• _Task goal_: When you reach the line with "Here's the finished" in the data below, begin printing lines exactly, and stop once the line with "Look at this" has been printed.

• _Input_:
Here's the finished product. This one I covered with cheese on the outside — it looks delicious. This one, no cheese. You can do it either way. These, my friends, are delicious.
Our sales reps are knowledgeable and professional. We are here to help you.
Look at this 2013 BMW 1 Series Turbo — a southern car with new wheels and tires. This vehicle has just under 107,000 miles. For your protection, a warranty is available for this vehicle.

==

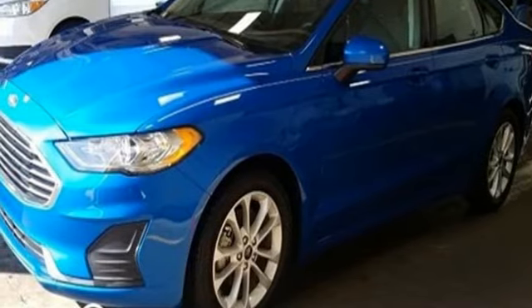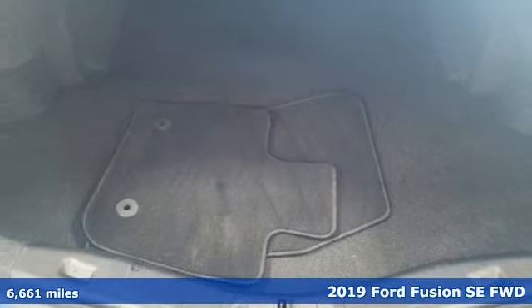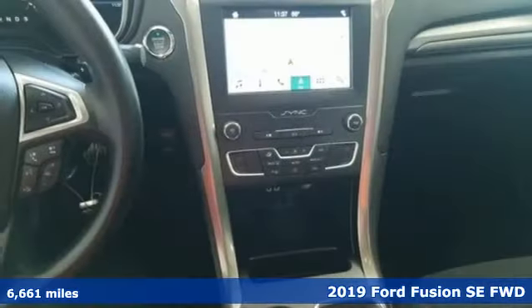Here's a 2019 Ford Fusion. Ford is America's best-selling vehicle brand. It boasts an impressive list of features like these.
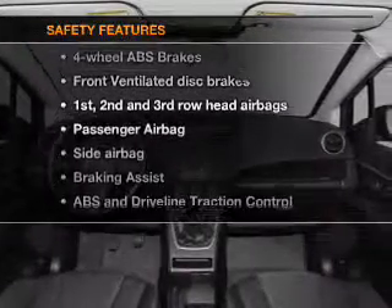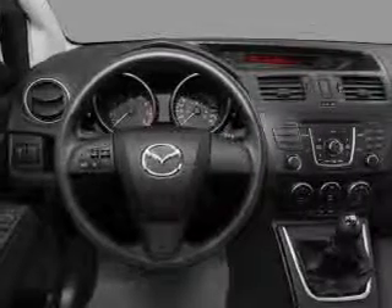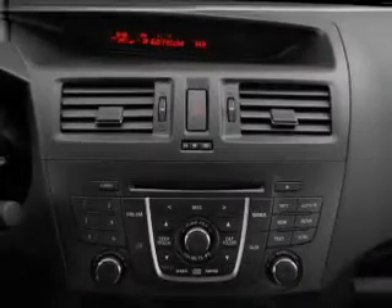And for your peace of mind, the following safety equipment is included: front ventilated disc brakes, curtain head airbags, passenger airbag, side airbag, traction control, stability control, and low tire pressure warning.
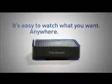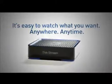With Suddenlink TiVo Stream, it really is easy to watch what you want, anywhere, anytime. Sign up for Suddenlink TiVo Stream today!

• _Solution to this problem_:
Here's the finished product. This one I covered with cheese on the outside — it looks delicious. This one, no cheese. You can do it either way. These, my friends, are delicious.
Our sales reps are knowledgeable and professional. We are here to help you.
Look at this 2013 BMW 1 Series Turbo — a southern car with new wheels and tires. This vehicle has just under 107,000 miles. For your protection, a warranty is available for this vehicle.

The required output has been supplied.